-- Opening Marker --
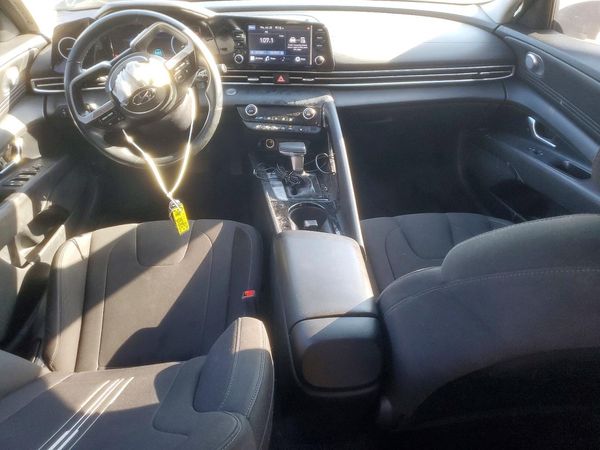 2022 HYUNDAI ELANTRA SEL w/Convenience Pkg
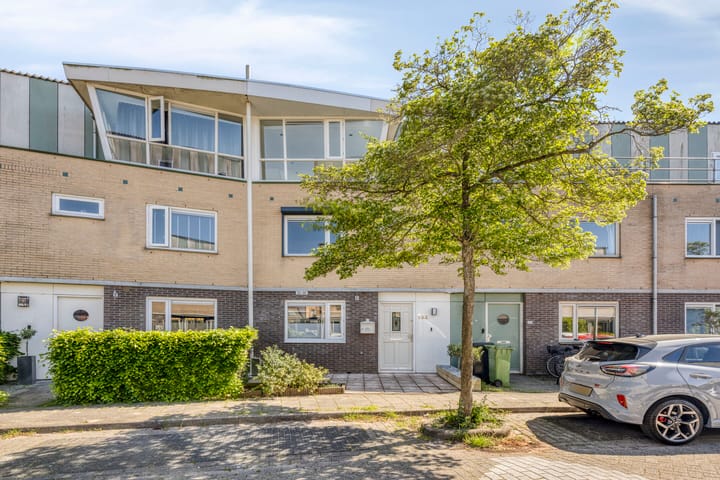 Foto 6 van Bisschop Romerostraat 132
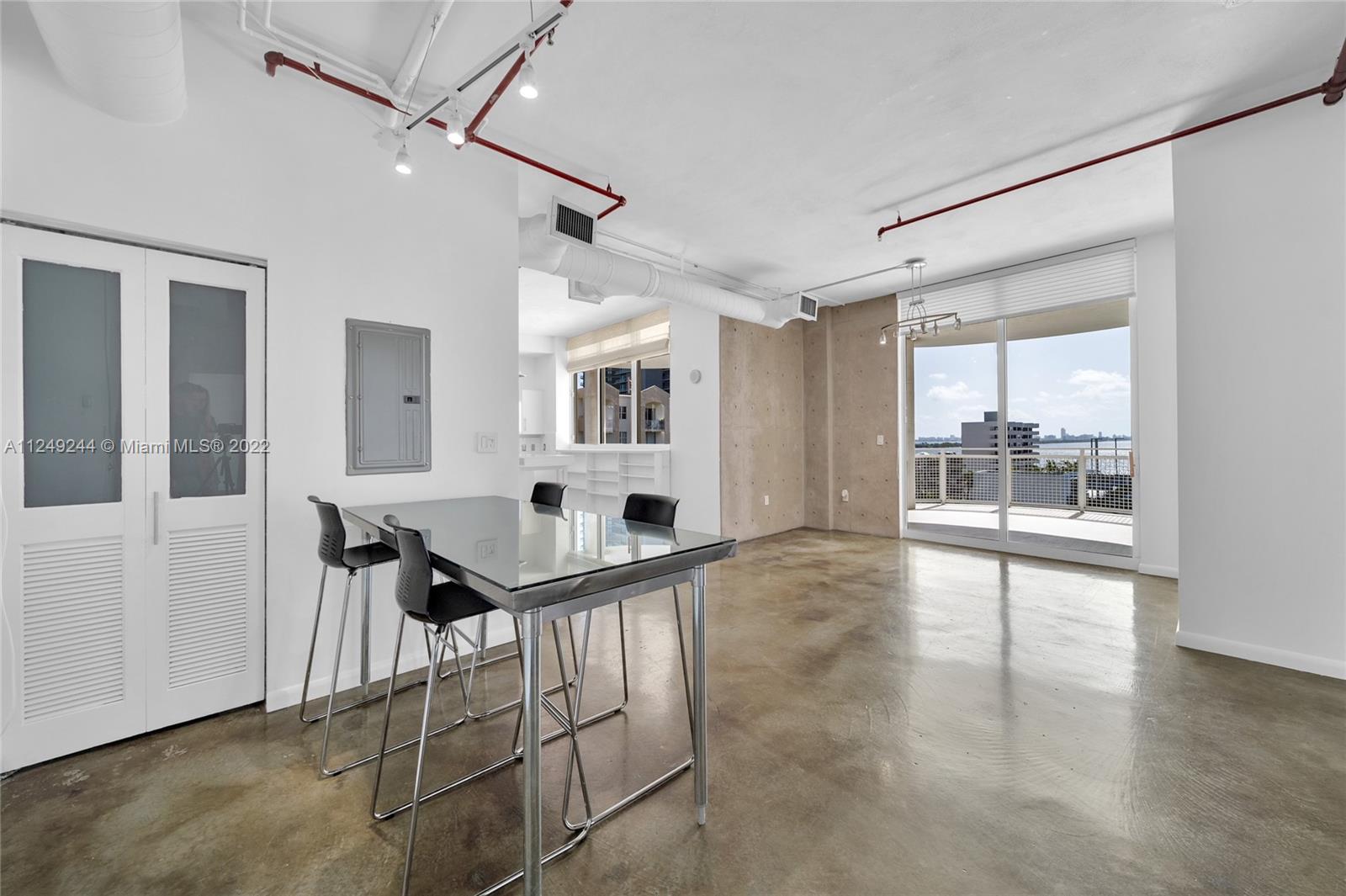 444 NE 30th St Unit: 808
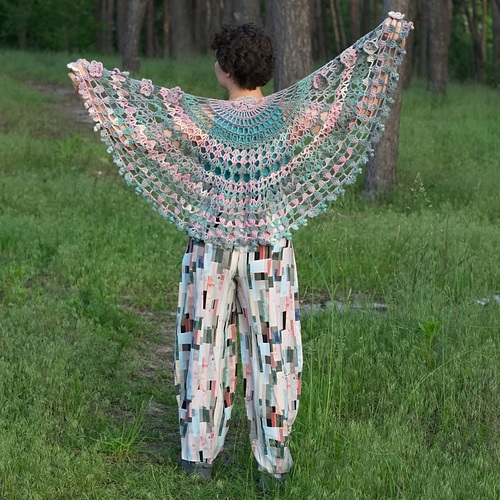 Romance Shawl photo 12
-- Closing Marker --
▸ **What the task requires**: Give the data again exactly. Keep the images out.

▸ **Solution below**:
 2022 HYUNDAI ELANTRA SEL w/Convenience Pkg
 Foto 6 van Bisschop Romerostraat 132
 444 NE 30th St Unit: 808
 Romance Shawl photo 12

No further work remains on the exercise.